At that point he was far enough away from the starting line to feel winded but still a ways from the finish line. In fact he almost took a different path. He had an offer for a tenure-track position, but after having launched one startup while he was at Stanford, he decided to make a go again at being an entrepreneur. And so Nicira was born.
 
It’s not entirely a surprise he turned academia down. His first startup, which he built while still at Stanford, did well. He developed technology they could determine when an IP address was being hidden by proxy and where the computer was actually coming from.

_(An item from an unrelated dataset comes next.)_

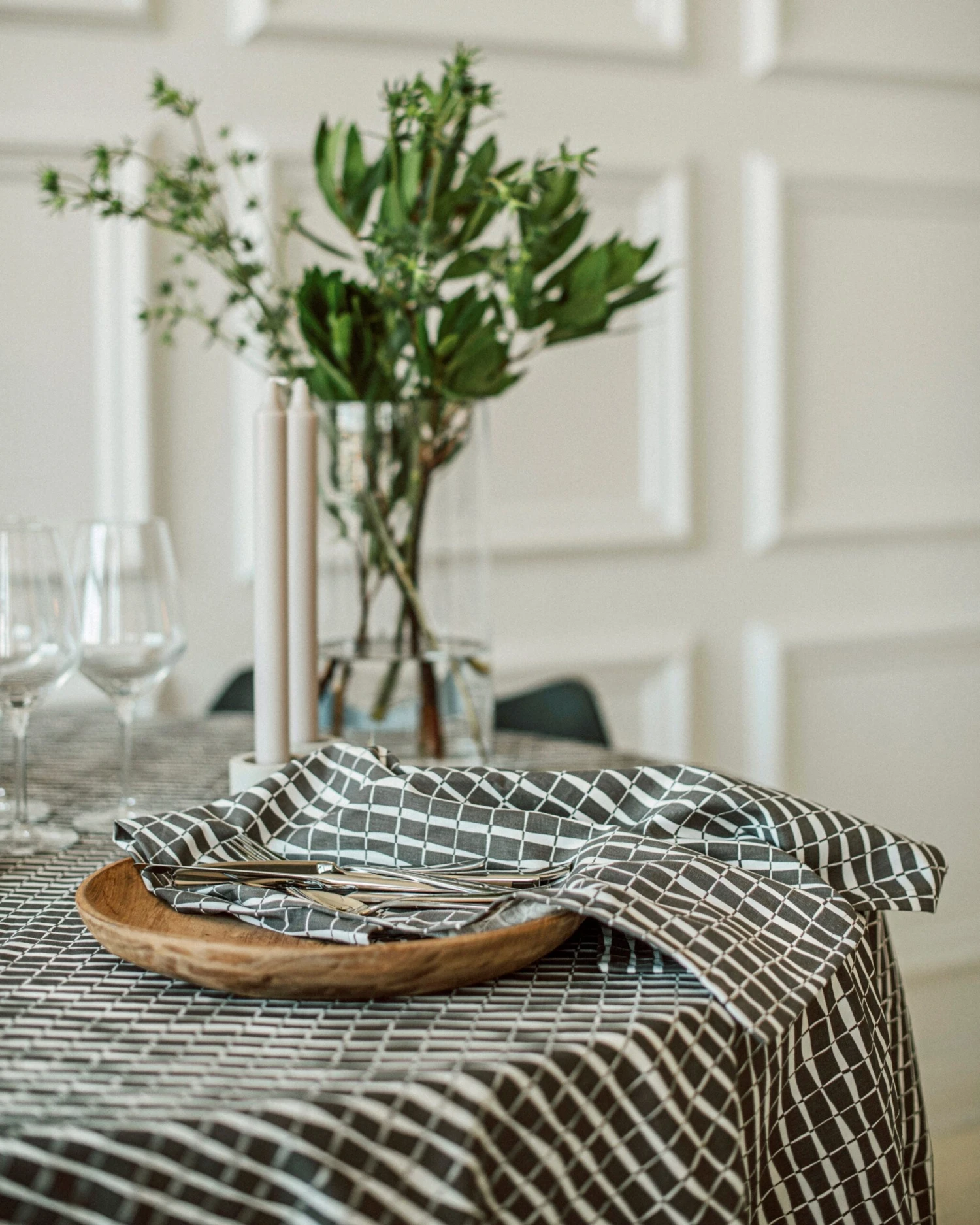 Küchenhandtuch Stig Lindberg 50 X 70 Cm Bamboo Grau 6 Küchenhandtuch Stig Lindberg 50 X 70 Cm Bamboo Grau – Bild 6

Ten months into the startup, in the midst of a funding round, he was offered a buyout. He took it. With that experience under his belt it’s no wonder he wanted to try the whole thing again.
 
And now he’s built up Nicira to bring his vision of software defined infrastructure closer to reality. Like his ultramarathons, guiding Nicira through this transition will take time and effort, but Casado at least has a clear vision of where he wants to go.